TASK OBJECTIVE
A full, word-for-word copy of the listing below is needed; leave the images out of it.

STORED DATA
-*-*-
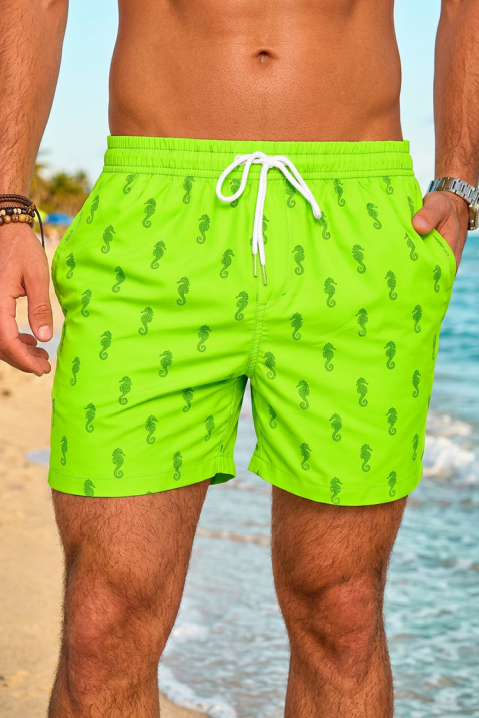 Pantaloni scurți de înot pentru bărbați cu un imprimeu spectaculos la contact cu apa PIOTAR NEON, Culoare: neon, IVET.RO - Reduceri de până la -80%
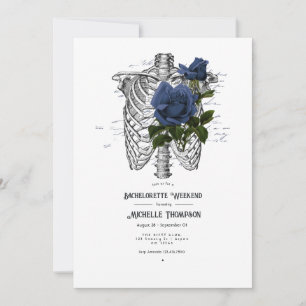 Navy Blue Floral Gothic Bachelorette Weekend Kaart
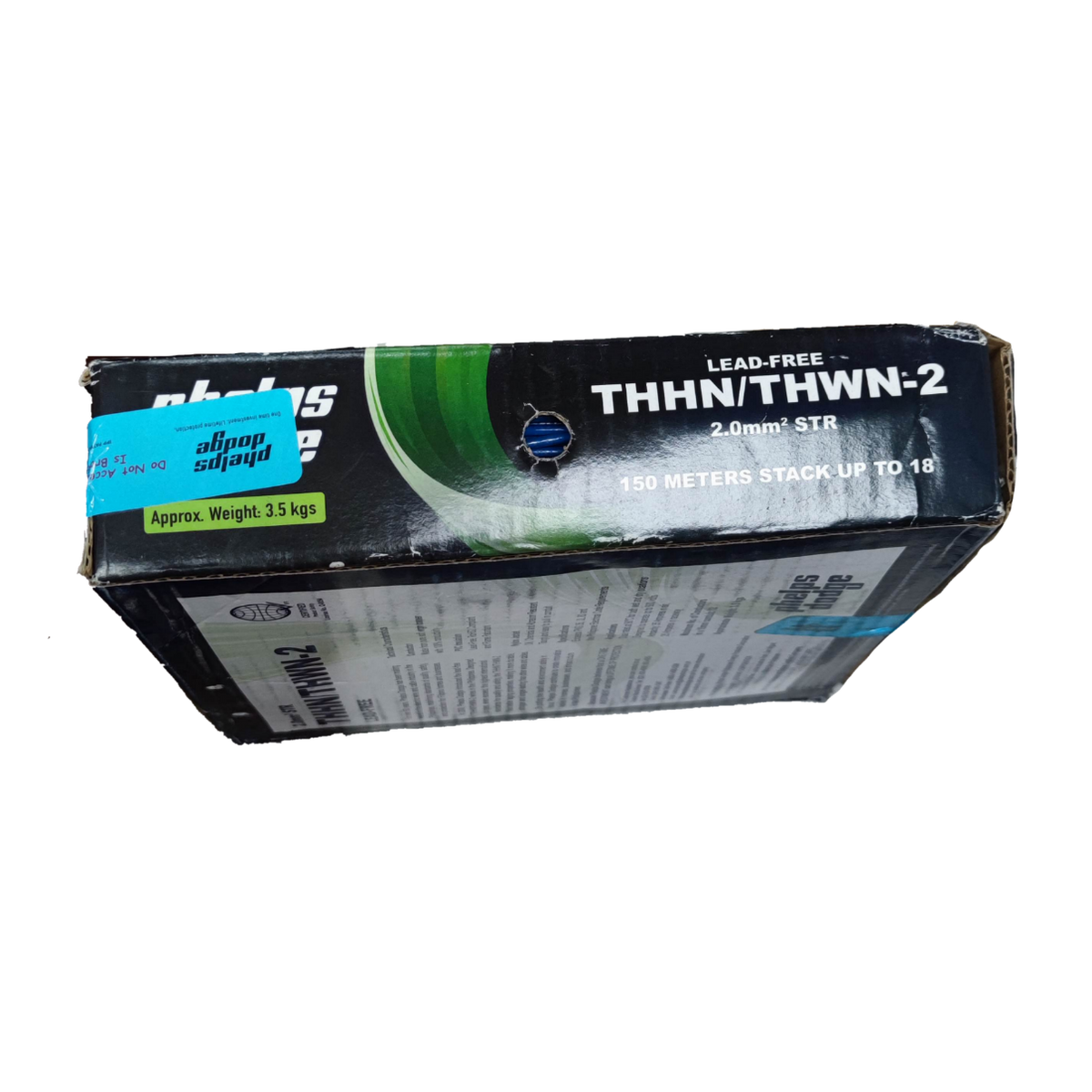 Box of Phelps Dodge 2.0mm THHN AWG 14 electrical wire with lead-free THHN THWN-2 insulation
-*-*-
RESULT FOR THIS EXERCISE
 Pantaloni scurți de înot pentru bărbați cu un imprimeu spectaculos la contact cu apa PIOTAR NEON, Culoare: neon, IVET.RO - Reduceri de până la -80%
 Navy Blue Floral Gothic Bachelorette Weekend Kaart
 Box of Phelps Dodge 2.0mm THHN AWG 14 electrical wire with lead-free THHN THWN-2 insulation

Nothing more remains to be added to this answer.